EXERCISE → Search the data for the string "Wall" and gather each line it is in.

──────── RECORDED INFORMATION ────────

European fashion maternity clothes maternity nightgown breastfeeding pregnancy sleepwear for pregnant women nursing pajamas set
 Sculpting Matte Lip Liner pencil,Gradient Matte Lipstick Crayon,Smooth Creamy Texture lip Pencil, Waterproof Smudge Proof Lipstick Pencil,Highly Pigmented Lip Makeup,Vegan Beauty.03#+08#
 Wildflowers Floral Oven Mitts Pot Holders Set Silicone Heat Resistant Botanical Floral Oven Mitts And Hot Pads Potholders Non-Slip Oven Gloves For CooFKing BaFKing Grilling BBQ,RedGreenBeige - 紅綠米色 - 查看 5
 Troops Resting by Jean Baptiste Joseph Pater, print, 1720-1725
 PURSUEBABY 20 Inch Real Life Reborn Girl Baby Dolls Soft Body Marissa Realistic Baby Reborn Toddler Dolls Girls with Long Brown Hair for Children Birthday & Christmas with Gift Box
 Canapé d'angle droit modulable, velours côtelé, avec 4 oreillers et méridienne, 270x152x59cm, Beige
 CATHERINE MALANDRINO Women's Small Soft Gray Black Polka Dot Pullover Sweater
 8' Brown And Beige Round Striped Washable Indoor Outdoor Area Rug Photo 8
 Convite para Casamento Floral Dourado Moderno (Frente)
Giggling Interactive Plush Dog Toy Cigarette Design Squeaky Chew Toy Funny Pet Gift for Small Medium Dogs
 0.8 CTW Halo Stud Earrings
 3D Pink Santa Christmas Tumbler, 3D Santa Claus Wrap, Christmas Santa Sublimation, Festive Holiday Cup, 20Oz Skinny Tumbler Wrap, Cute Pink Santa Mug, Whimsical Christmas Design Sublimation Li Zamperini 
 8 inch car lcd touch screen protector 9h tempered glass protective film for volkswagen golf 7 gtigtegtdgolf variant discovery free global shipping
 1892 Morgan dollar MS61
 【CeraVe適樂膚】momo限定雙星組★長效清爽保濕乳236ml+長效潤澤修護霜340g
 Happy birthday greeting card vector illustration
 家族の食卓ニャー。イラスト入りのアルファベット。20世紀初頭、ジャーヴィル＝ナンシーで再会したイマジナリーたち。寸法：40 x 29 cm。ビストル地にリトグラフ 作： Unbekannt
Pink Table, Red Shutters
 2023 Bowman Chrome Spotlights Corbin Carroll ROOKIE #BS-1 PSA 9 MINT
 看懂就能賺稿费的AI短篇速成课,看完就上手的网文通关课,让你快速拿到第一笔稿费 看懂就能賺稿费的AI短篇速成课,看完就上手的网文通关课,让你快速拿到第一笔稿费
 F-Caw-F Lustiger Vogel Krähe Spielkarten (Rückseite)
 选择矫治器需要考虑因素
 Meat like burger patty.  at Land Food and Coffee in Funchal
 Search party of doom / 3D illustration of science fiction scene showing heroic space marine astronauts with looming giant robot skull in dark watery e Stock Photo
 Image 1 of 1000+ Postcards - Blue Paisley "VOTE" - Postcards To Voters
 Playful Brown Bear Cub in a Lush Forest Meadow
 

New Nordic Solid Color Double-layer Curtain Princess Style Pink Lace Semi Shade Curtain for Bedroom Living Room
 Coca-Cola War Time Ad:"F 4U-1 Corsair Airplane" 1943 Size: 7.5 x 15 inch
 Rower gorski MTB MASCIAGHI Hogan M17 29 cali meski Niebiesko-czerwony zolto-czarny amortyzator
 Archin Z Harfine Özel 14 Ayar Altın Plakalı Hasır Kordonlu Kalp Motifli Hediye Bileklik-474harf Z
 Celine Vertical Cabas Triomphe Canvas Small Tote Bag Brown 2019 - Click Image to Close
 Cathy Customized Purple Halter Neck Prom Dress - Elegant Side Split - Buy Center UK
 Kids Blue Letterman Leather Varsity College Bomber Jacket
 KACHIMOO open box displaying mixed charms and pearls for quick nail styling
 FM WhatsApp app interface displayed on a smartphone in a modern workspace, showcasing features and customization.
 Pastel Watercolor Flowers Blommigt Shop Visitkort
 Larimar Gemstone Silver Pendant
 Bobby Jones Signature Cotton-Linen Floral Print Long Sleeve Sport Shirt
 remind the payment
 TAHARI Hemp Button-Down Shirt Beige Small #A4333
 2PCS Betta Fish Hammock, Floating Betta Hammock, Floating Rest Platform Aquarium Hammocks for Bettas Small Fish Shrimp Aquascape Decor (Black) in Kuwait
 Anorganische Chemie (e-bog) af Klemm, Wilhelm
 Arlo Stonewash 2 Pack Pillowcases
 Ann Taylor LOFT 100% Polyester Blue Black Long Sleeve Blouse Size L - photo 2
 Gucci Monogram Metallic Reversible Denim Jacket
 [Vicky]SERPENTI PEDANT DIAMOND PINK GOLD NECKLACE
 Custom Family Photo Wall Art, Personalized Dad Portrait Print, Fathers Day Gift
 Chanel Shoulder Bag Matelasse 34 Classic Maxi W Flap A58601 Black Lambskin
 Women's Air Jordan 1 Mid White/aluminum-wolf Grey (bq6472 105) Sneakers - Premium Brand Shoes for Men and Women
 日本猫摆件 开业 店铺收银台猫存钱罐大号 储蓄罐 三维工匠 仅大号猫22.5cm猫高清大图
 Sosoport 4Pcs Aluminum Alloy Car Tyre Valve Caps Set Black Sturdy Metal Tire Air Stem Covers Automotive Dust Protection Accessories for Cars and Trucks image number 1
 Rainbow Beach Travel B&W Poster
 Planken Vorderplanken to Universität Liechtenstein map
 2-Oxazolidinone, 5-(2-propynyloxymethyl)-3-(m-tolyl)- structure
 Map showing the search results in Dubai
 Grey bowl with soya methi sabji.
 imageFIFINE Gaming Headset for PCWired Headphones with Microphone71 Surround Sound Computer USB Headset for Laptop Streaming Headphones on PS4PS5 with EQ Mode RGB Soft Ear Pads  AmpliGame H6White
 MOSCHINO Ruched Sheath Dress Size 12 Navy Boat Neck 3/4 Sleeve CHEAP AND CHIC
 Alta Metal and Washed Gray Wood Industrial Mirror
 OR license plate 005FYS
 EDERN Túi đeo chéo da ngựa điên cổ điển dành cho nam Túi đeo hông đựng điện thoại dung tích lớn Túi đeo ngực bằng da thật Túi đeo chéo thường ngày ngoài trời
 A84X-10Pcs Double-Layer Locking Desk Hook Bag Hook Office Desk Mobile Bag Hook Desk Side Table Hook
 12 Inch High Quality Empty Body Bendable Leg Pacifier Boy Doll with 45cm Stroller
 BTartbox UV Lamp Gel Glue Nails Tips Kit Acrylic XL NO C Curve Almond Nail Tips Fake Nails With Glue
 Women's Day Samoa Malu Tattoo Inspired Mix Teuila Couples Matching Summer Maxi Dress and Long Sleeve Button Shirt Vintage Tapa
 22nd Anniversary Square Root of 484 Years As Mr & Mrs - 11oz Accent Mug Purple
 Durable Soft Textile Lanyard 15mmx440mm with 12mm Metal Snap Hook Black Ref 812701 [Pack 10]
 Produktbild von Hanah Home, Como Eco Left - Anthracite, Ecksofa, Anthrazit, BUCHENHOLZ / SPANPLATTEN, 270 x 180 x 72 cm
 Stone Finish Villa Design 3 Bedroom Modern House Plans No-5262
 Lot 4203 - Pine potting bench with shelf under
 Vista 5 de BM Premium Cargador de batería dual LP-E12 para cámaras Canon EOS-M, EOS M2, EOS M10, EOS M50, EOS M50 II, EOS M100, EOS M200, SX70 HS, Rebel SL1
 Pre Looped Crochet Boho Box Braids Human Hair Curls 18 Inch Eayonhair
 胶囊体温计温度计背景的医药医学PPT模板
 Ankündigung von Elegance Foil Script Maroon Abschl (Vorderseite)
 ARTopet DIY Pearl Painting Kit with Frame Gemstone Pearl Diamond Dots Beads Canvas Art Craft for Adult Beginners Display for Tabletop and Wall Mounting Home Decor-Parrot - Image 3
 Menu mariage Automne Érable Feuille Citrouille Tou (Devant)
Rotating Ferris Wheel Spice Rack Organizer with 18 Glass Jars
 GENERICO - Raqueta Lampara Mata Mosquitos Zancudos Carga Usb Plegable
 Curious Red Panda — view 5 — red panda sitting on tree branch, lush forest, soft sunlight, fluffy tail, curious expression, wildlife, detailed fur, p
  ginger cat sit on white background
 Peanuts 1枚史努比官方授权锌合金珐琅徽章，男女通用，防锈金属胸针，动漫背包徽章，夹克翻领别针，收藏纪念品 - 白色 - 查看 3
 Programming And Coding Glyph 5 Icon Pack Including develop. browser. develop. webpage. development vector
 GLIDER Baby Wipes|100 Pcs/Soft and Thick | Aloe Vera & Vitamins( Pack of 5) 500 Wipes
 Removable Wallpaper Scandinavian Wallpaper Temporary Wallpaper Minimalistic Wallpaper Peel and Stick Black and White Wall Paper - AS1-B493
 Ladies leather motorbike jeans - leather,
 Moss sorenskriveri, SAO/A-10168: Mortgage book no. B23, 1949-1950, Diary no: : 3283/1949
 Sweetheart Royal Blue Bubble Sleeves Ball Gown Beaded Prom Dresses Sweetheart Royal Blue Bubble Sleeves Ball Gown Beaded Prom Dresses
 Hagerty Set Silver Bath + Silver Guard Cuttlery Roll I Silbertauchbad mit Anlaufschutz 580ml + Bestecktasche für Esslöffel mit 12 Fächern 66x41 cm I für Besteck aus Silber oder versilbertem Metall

────────

PROBLEM SOLUTION →
 Custom Family Photo Wall Art, Personalized Dad Portrait Print, Fathers Day Gift
 ARTopet DIY Pearl Painting Kit with Frame Gemstone Pearl Diamond Dots Beads Canvas Art Craft for Adult Beginners Display for Tabletop and Wall Mounting Home Decor-Parrot - Image 3
 Removable Wallpaper Scandinavian Wallpaper Temporary Wallpaper Minimalistic Wallpaper Peel and Stick Black and White Wall Paper - AS1-B493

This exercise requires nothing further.